5. Why This Is Not Robin Hood
Robin Hood took from the rich and gave to the poor. The inflationary surcharge does neither of these things.
It does not take from the rich as a class. It takes from idle capital as a category — regardless of who owns it. A wealthy person who has deployed their capital in a business, in productive investment, in active economic participation pays nothing. A person of modest means who has somehow accumulated a deposit above the threshold — unlikely, but mathematically possible — pays the surcharge. The criterion is not wealth. It is inertia.
It does not give to the poor. The money collected by the surcharge is not redistributed. It is cancelled — removed from the money supply entirely. Its purpose is not social equity. Its purpose is monetary equilibrium. The beneficiary is not a class of people. The beneficiary is the stability of the entire system — including, and especially, the small savers and ordinary wage earners whose purchasing power is most vulnerable to inflation.
In fact, the people most protected by the surcharge are precisely those who cannot afford inflation. A family with 20,000 euros in savings pays nothing and gains everything — because the inflation that would have eroded the real value of their savings is contained before it takes hold. The surcharge is, in the most literal sense, a shield for small savings funded by a small cost on large inertia.
6. The Depression Lesson Applied to 2026
The parallels between the 1930s liquidity trap and the current monetary environment are not superficial. In both cases, the nominal money supply is large. In both cases, a significant portion of that supply is concentrated in large deposits and financial instruments that are not circulating in the real economy. In both cases, the result is a paradox: abundant money and insufficient economic activity.
The difference is that in the 1930s, the only available tool to break the liquidity trap was massive public expenditure — Roosevelt’s New Deal, which worked but required political will, democratic consensus, and years of implementation. In 2026, the P.C.M. framework offers a different tool: an automatic, constitutional, mathematically governed mechanism that breaks the liquidity trap continuously and incrementally, without waiting for a crisis to become a catastrophe, without requiring political consensus for each intervention, and without the inflationary risk of emergency public spending programs.
The Great Depression lasted a decade. The P.C.M. inflationary surcharge is designed to prevent the conditions that make depressions possible — not by eliminating economic cycles, but by ensuring that the velocity of money never collapses to the point where the system loses the ability to self-correct.

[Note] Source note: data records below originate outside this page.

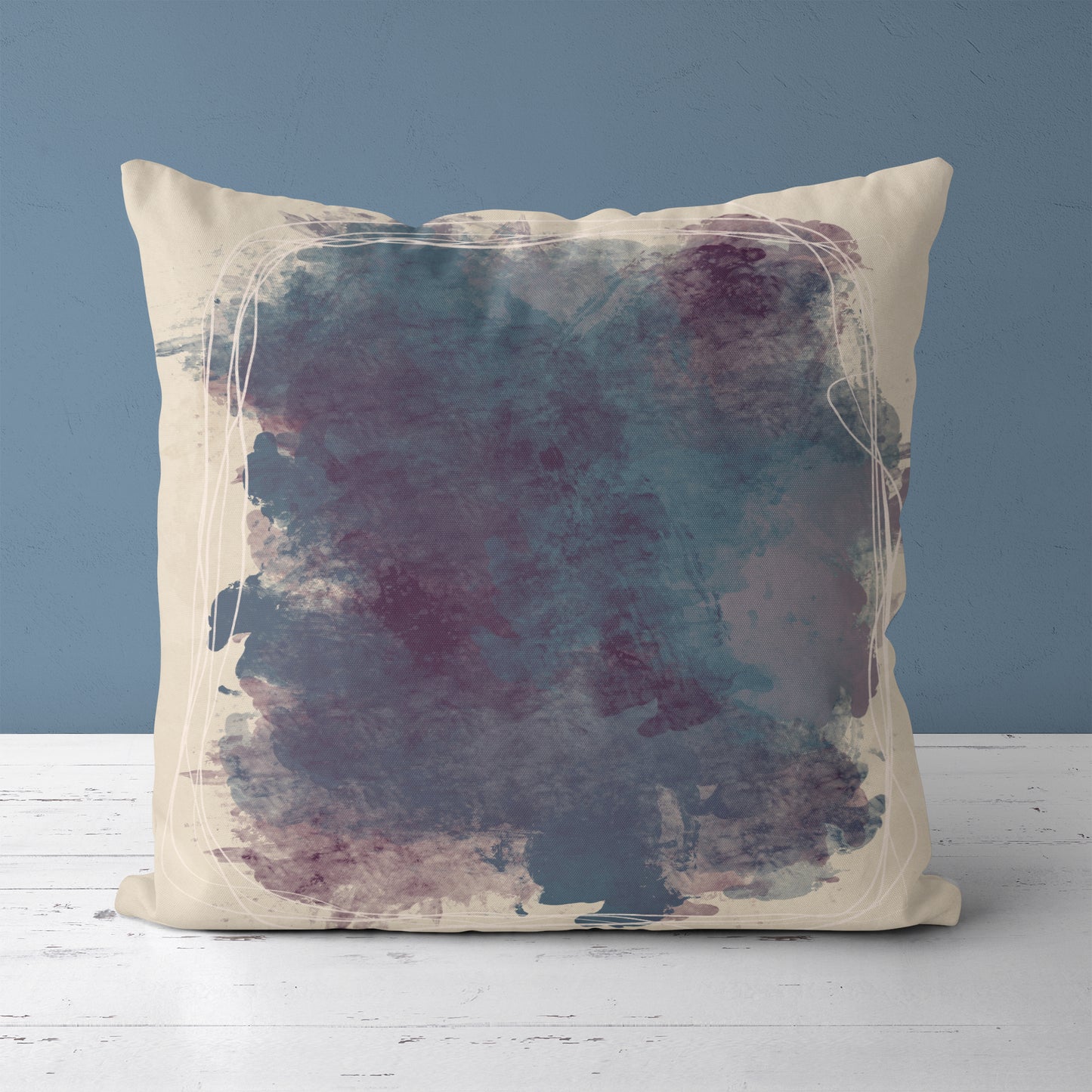 Eclectic Abstract Painting Throw Pillow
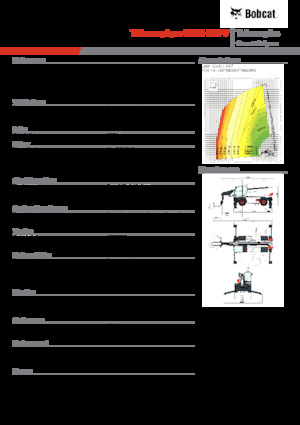 Телескопічні навантажувачі з верхньою будовою Bobcat TR60.350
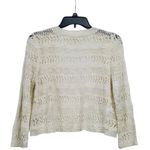 Cloud Chaser  Cream Open-Knit Cardigan Size Large Photo 1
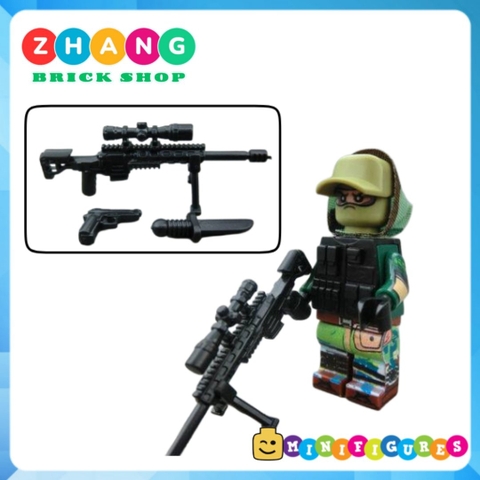 Xếp hình biệt đội đặc nhiệm Spetnazt phản ứng nhanh Swat Nga Lego Minifigures Decool 304 307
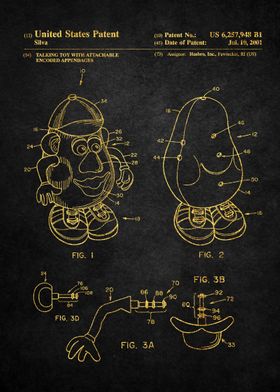 28 Mr Potato Head Patent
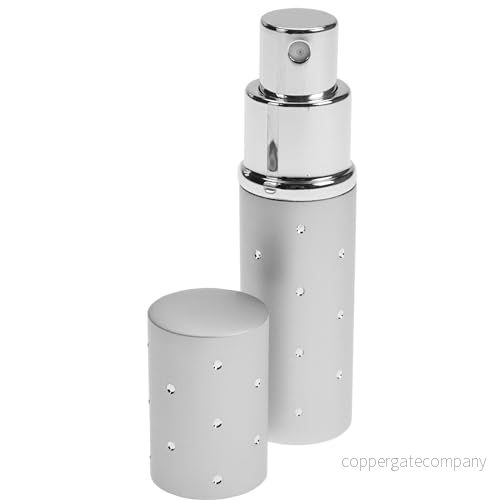 Ficksprejflaska parfym: Påfyllningsbar för 10 ml parfymspridare hemmet och på språng i silver, parfymflaska spray handväskan, sprayflaska från Fantasia (1 pack) 4014491461635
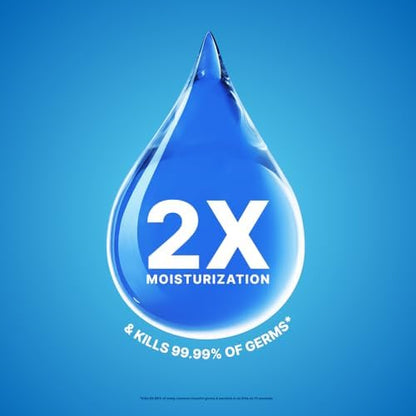 Germ-X Hydrating Hand Sanitizer, with Hyaluronic Acid, 8 FL Oz (Pack of 6), No Rinse Formula, Sanitizing Liquid Gel for All Skin Types, Formulated without Parabens, Phthalates & Dyes - Image 4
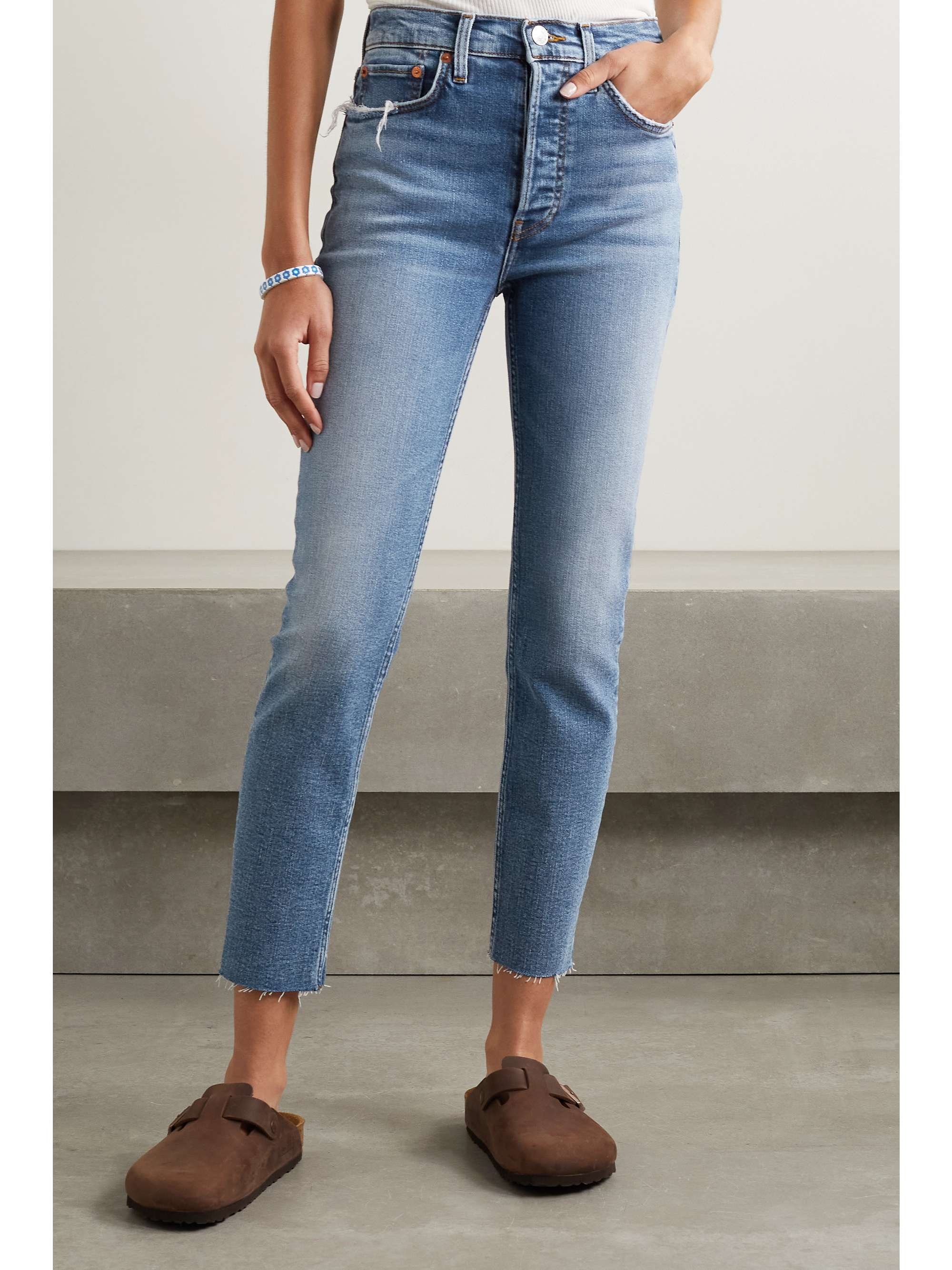 High Rise Ankle Crop skinny jeans 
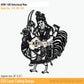 2D Modern Art Bahucharaji Mata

Conclusion: Monetary Physics, Not Moral Philosophy
The inflationary surcharge is not a statement about wealth. It is not a statement about fairness. It is not a statement about what anyone deserves or does not deserve.
It is a statement about physics. Specifically: in a monetary system governed by MxV=PT, inertia has a cost. That cost has always existed — it was simply invisible, distributed across the entire economy as inflation, as stagnation, as the slow erosion of purchasing power that hits ordinary people hardest. The surcharge makes that cost visible, direct, and proportional — paid by those whose inertia is causing it, at the moment it begins to cause it, in the precise amount needed to restore equilibrium.
Keynes understood this in 1936. Fisher formalized the mathematics in 1911. The merchants of Venice understood it intuitively in 1374 — which is precisely why they invented instruments to keep money moving when gold was too scarce and too heavy to circulate at the velocity the economy required.
We are not inventing anything new. We are applying century-old macroeconomics with twenty-first century precision tools — an AI that measures in real time, a blockchain that records without corruption, a constitutional bracket that enforces without political discretion.
It is not Robin Hood. It is Irving Fisher. It is John Maynard Keynes. It is MxV=PT, enforced automatically, transparently, and without asking anyone’s permission. $2+2=4. Period.